**Exercise instructions**
Each entry that follows is to be copied exactly, minus any pictures.

**Records supplied**
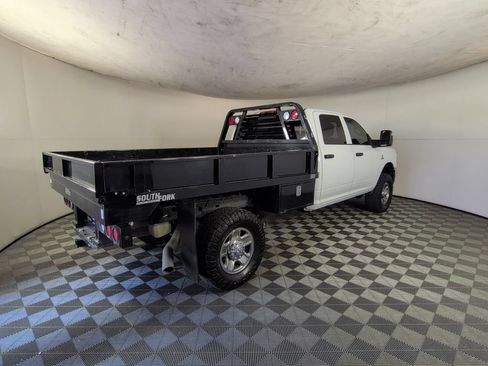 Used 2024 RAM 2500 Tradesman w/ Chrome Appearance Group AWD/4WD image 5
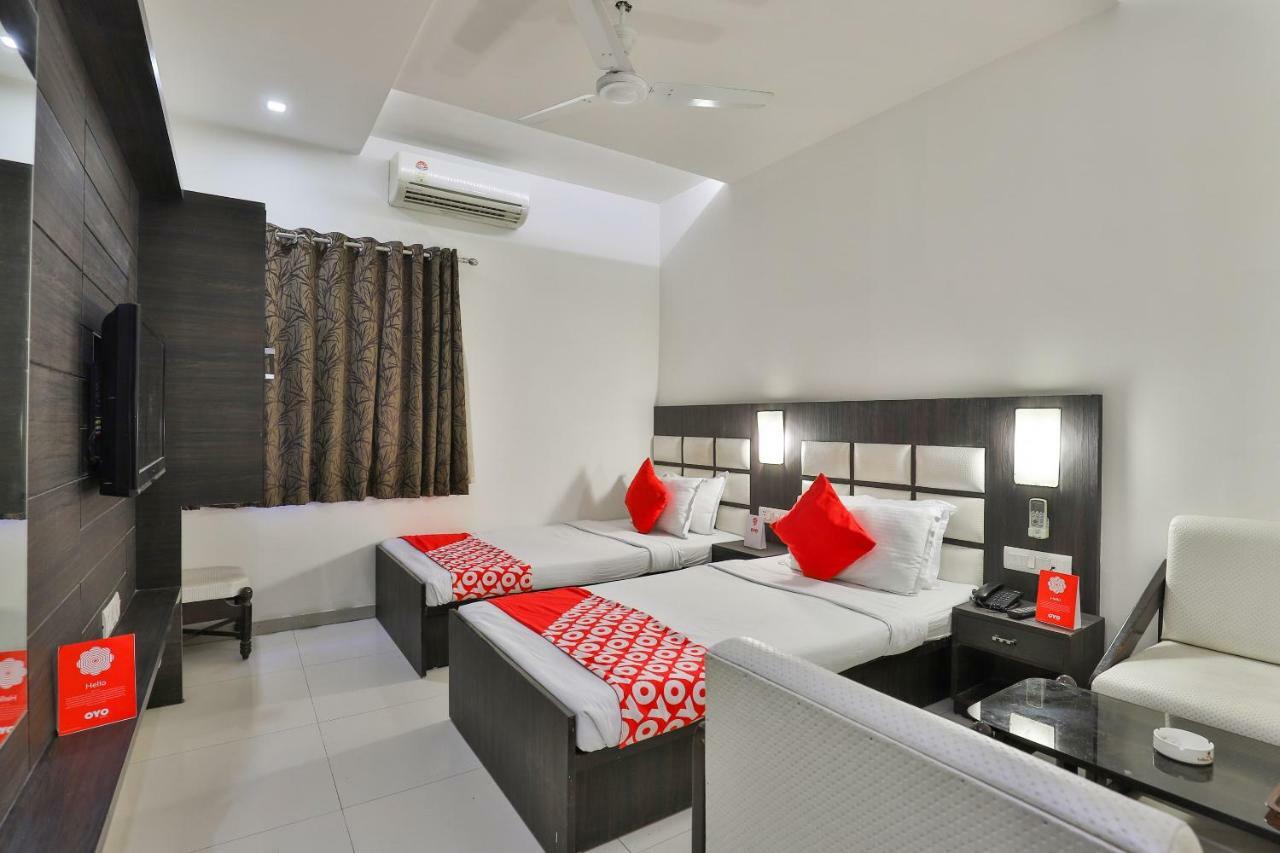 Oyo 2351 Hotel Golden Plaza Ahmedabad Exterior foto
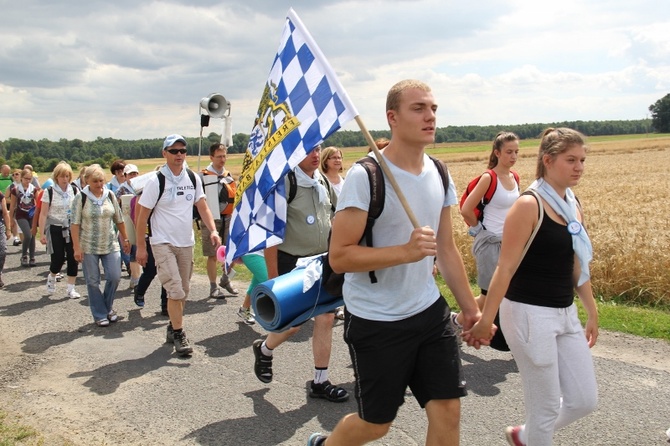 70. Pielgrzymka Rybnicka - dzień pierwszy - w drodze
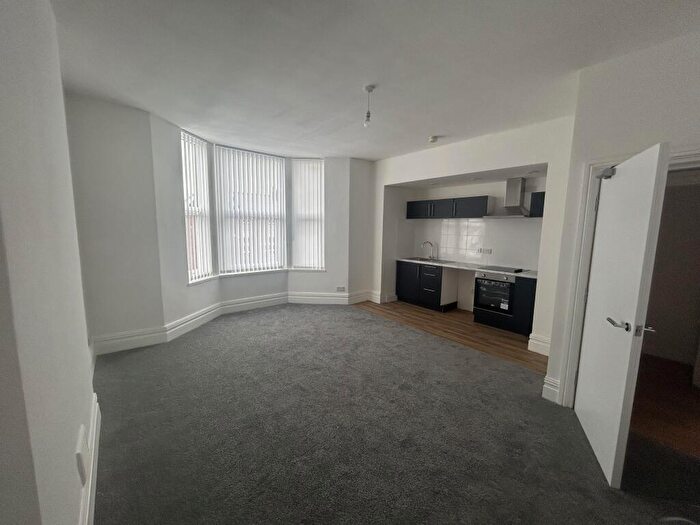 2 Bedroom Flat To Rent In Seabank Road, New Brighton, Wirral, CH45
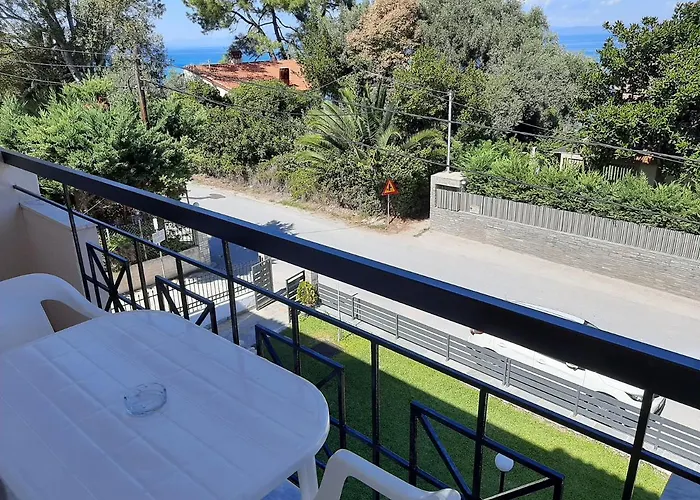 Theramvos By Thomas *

**Task answer**
 Used 2024 RAM 2500 Tradesman w/ Chrome Appearance Group AWD/4WD image 5
 Oyo 2351 Hotel Golden Plaza Ahmedabad Exterior foto
 70. Pielgrzymka Rybnicka - dzień pierwszy - w drodze
 2 Bedroom Flat To Rent In Seabank Road, New Brighton, Wirral, CH45
 Theramvos By Thomas *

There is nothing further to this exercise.